Like many good joint ventures, the idea for the secondaries market’s newest tie-up emerged over a dinner in the middle of last year between JPMorgan’s Klaus Hessberger, co-head of strategic investors and financial sponsors in EMEA, and Campbell Lutyens chief executive Andrew Sealey.

The dinner led to a lunch with both industry veterans pulling in wider team members to test the waters further. The wining and dining proved fruitful with the firms agreeing upon a strategic collaboration to jointly advise on single-asset and concentrated multi-asset continuation fund transactions.

The collaboration offers an interesting spin on one issue dogging the secondaries industry at present: the war for talent.

Speaking with Secondaries Investor this week, Carsten Woehrn, JPMorgan’s head of financial sponsors M&A for EMEA, was open about the fact that the bank’s attempt to build out its own team to focus on continuation funds hadn’t found success.

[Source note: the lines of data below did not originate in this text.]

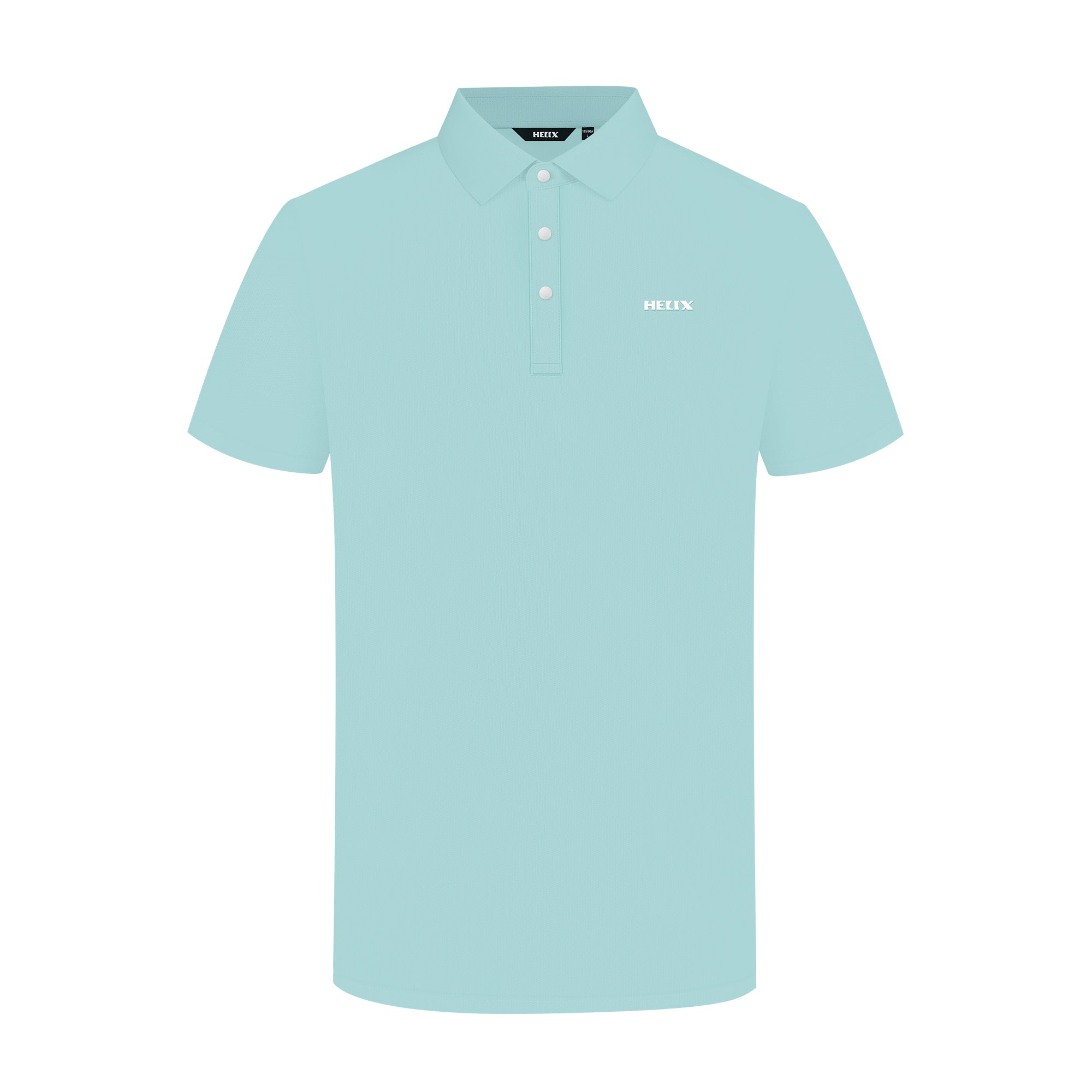 Men's short-sleeve polo shirt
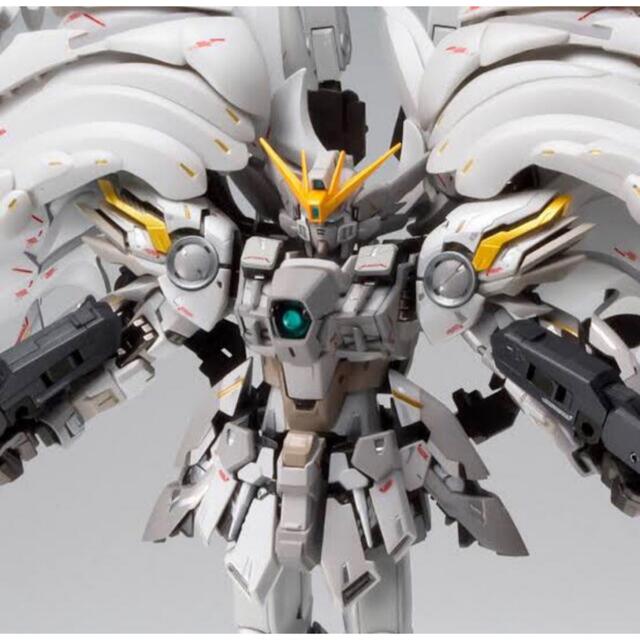 METAL COMPOSITE ウイングガンダムスノーホワイトプレリュード　新品エンタメ/ホビー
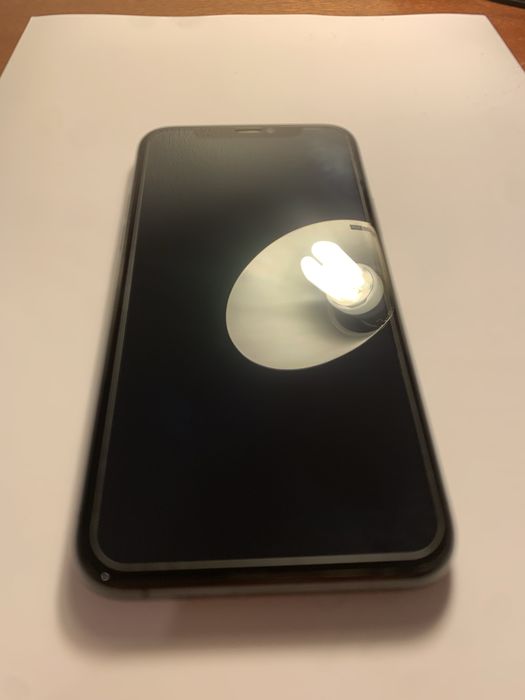 Iphone 11 PRO, 256GB, cinza sideral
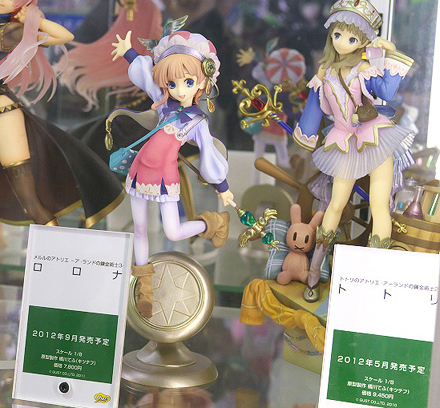 Meruru no Atelier ~Arland no Renkinjutsushi 3~ - Rororina Fryxell - 1/8 - Child ver. (Phat Company) photo 3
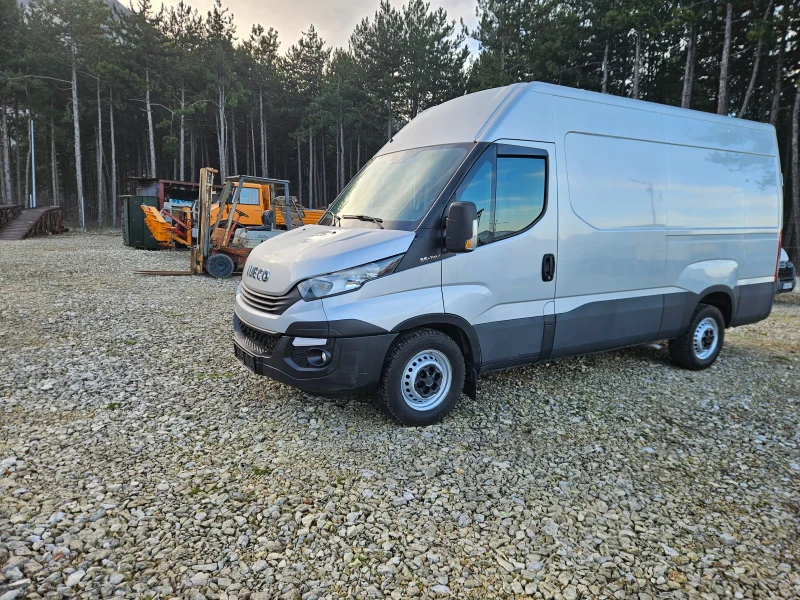 Iveco Daily 35с16 150кс, снимка 3 - Бусове и автобуси - 52818413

Other investment banks have also had revolving doors when it comes to secondaries talent, he pointed out. Indeed, Secondaries Investor has reported on numerous occasions of banks losing teams and re-launching secondaries efforts over the past few years.

The tie up with Campbell Lutyens brings to JPMorgan an established global secondaries advisory player with a wealth of talent, as well as relationships with GPs the investment bank lacks and which are crucial to GP-led transactions.

For Campbell Lutyens, it gains crucial M&A expertise in collaborating with JPMorgan at a time when single-asset and concentrated GP-led deals are on the rise.

Campbell Lutyens is also retaining something crucially important: its independence. Sealey described the partnership as “the best of both worlds” for the firm.

“It’s one of those things that worked, frankly, very well for us both. We were both looking for how to develop the best offering in the market. We both had a belief that working together, actually, was a better way of doing it than some of the alternatives.”

There is no formal infrastructure or financial incentives bar regional point people in both firms and an agreement on how both firms may charge on these transactions. The proof of concept will lie in the number of successful GP-led processes the pair advise on that result from the tie-up. If successful, we may well see more such partnerships marrying M&A nous with private fund expertise.